BoobleBeep · 16/11/2011 21:43

I'm wondering about this, I have tried to link the articale by Hannah Pool in Grazia but can't find it online.

It was an article on casual racism in the UK and she cited an incident where she had been in the womens toilets and a white women had said how beautiful and exotic her hair was and asked if she could touch it (whilkst reaching out and touching it), Hannah Pool said no you can't and teh women said she was rude.

I lived in Japan for years and had blonde hair back then. Lots of people saidhow exotic my hair was and people liked to touch it sometimes, it didn't bother me at all. My daughter is mixed race and has gorgeous very thick black hair and I love touching it as it is so different to my own.

OP posts:
Iggly · 16/11/2011 22:23

Not racist but there's something odd about it. Like the person is highlighting the difference between you and them and wants to touch you. Like a zoo animal.

I'm mixed race and have had this a lot. I do not like it.

I don't go up to friends who are European and ask to touch their hair, despite not knowing what it feels like!

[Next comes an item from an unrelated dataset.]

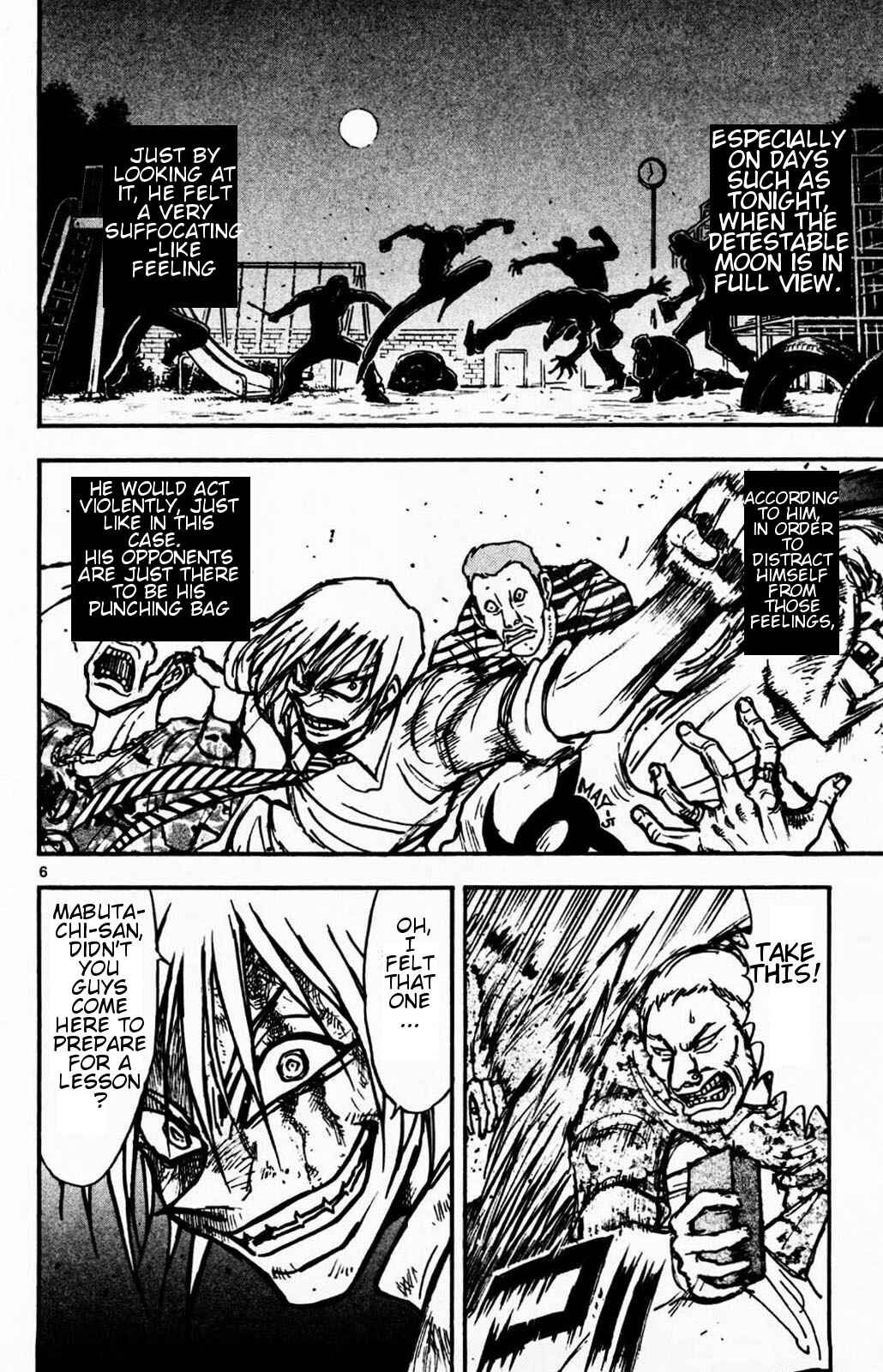 Page 12 Chapter 1.1 Moonlight Act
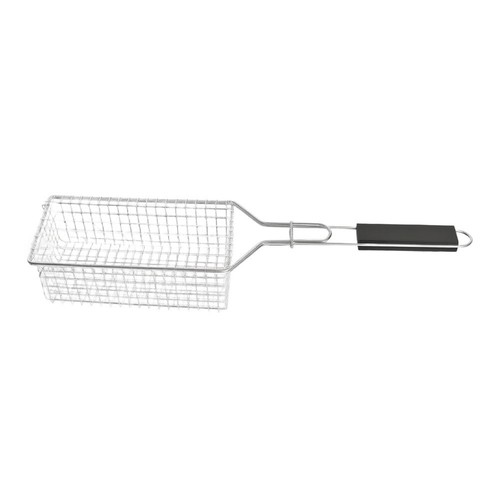 Bbq grillkorb antihaft - grillkorb,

Splinters · 16/11/2011 22:29

I think there is something a bit not-quite-right about the word exotic -- somehow a little bit too close to implying 'you don't really belong here'. A more neutral word (like beautiful) certainly shouldn't offend though.

But asking to touch it, I can see why that would get annoying. Anyone got a pregnancy bump they'd be willing to let me stroke?

Towndon · 16/11/2011 22:33

I wouldn't want to be called "exotic" or have a stranger touch my hair. Would be pleased if someone complimented me on my hair though :)

mankymink · 16/11/2011 22:40

Being mixed race myself I find the word "exotic" to be a mixed blessing. Of course it's a lovely word in itself but sometimes you don't want to be reminded that you're different. No quite sure why. Maybe because the "exotic" looks of womanhood are the same looks you may have been bullied about at school.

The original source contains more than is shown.